→ ACTIVITY
Under this line are the records; repeat exactly the lines starting at the one containing "Lingettes de rechange" and ending at the one containing "Three Daisies In a Row Tie (Back)", omitting pictures.

→ DATA FOR PROCESSING
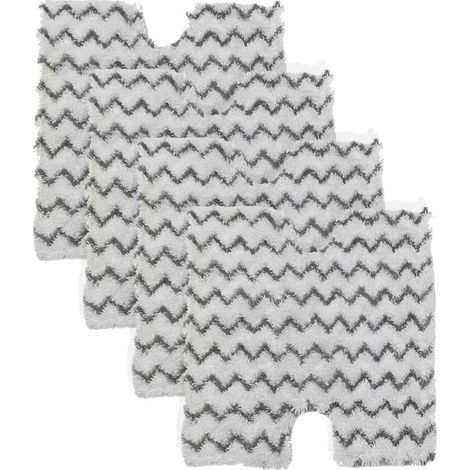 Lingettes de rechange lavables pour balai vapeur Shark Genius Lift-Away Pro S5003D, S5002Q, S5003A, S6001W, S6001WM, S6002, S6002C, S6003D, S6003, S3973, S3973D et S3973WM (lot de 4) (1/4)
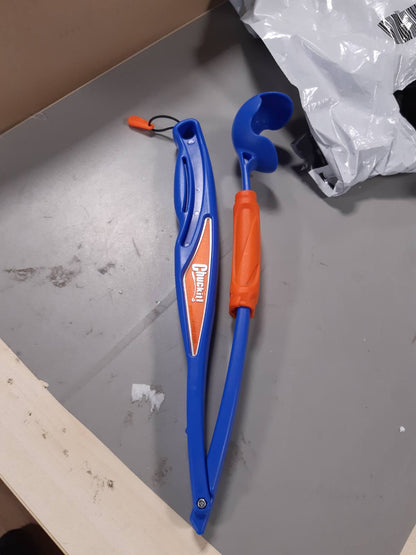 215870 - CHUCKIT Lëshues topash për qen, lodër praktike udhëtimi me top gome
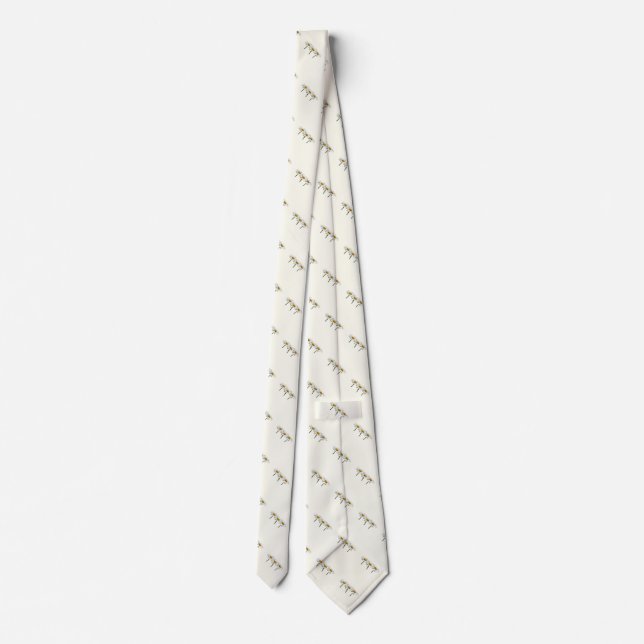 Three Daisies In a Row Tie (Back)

==

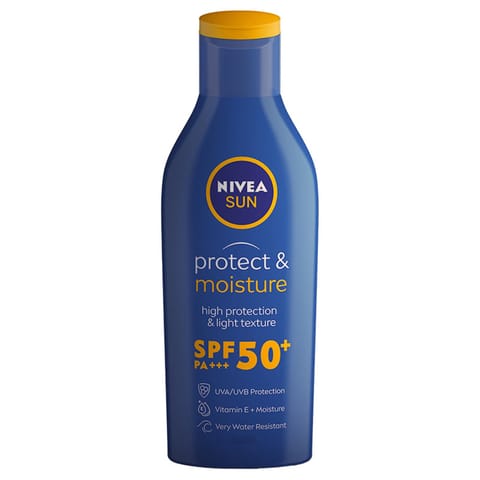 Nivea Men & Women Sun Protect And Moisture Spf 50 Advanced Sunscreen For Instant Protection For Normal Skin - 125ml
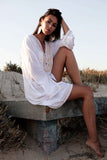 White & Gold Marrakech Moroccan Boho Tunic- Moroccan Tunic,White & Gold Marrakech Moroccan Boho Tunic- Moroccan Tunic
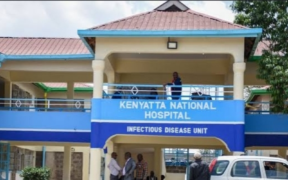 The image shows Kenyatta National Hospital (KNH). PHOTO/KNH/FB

--

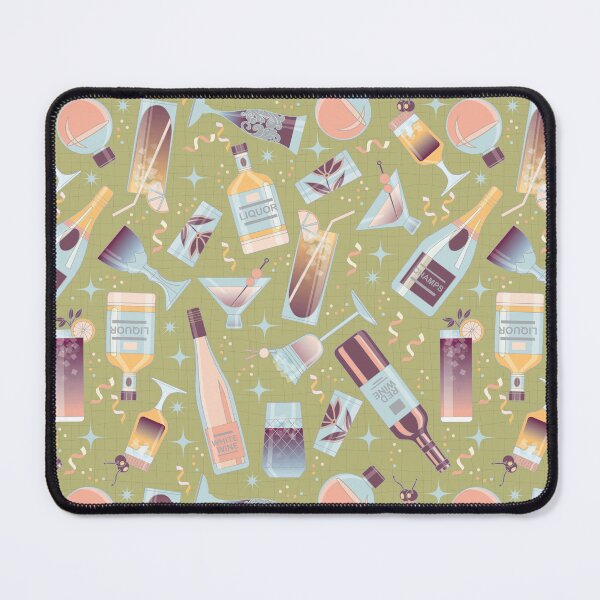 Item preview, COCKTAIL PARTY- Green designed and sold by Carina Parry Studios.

→ TASK RESPONSE
 Lingettes de rechange lavables pour balai vapeur Shark Genius Lift-Away Pro S5003D, S5002Q, S5003A, S6001W, S6001WM, S6002, S6002C, S6003D, S6003, S3973, S3973D et S3973WM (lot de 4) (1/4)
 215870 - CHUCKIT Lëshues topash për qen, lodër praktike udhëtimi me top gome
 Three Daisies In a Row Tie (Back)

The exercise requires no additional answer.